Heat Level: Medium: These tips require some experience.
Bottom Line: Change is the only constant with Facebook. Luckily, we've outlined the biggest changes impacting real estate marketing, so you don't have to be surprised or frustrated the next time you run an ad.
Do This: Rethink your Facebook ads with these tweaks:
In May, Facebook announced that they would be changing their ad offerings for housing, employment and credit. These changes were designed to combat discrimination. The new requirement is now in full swing, and we want to help you combat the impact on your business.
Whether you're an agent, broker, or work with mortgages, you'll be subject to more strict targeting when you set up ads on Facebook. Here's the first thing you'll see when you try to set up an ad now:
If you intend to run an ad that fits into one of these categories, you have to select that dropdown. Your other ad options will be filtered based on this choice.
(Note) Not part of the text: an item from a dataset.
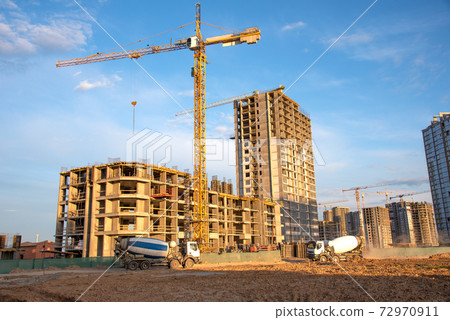 Heavy mixer concrete truck for to be loaded concrete at a construction site. Heavy mixer concrete truck for to be loaded concrete at a construction site. 72970911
Nice try. Facebook's artificial intelligence picks up on words like "house", "rental", "hiring", "job", "listing" and other associated terms. Your ad will get kicked into the "Not Approved" pile if you try to skirt the new rule. So take a deep breath, and check the box.
If your ad is legitimately not about real estate (say, you're hosting a community event not associated with your listings), then you can skip the checkbox. But there is a chance you'll still get flagged simply by virtue of being a real estate business page. If you do get flagged, request a manual review to see if you can get it approved.
Here's an overview of the differences.
We don't recommend boosting posts. It's just such a watered-down version of all the power you could have by using Ads Manager instead.
It's not clear whether boosted posts are subject to the same rules (although they should be). I am still able to see my saved audiences on real estate posts, and I don't see any notices about discriminatory targeting. That said, I'd bet that if I actually went through with a boost using the now-forbidden categories, it would not get approved.
Instagram is owned by Facebook, so Instagram ads are run through the Facebook Ads Manager platform. Therefore, Instagram ads should be subject to the same rules and changes as FB ads.
In the past, we've recommended getting as specific as possible with your ads and targeting. Now, we have to reverse that logic: make your ads more general, so that anyone could be interested in your ad.
For example, don't use phrases like "just listed in your neighborhood" because with a 15-mile radius, your listing might not be in their neighborhood. Think about how wide your net has to be cast, and create ads that are relevant to everyone.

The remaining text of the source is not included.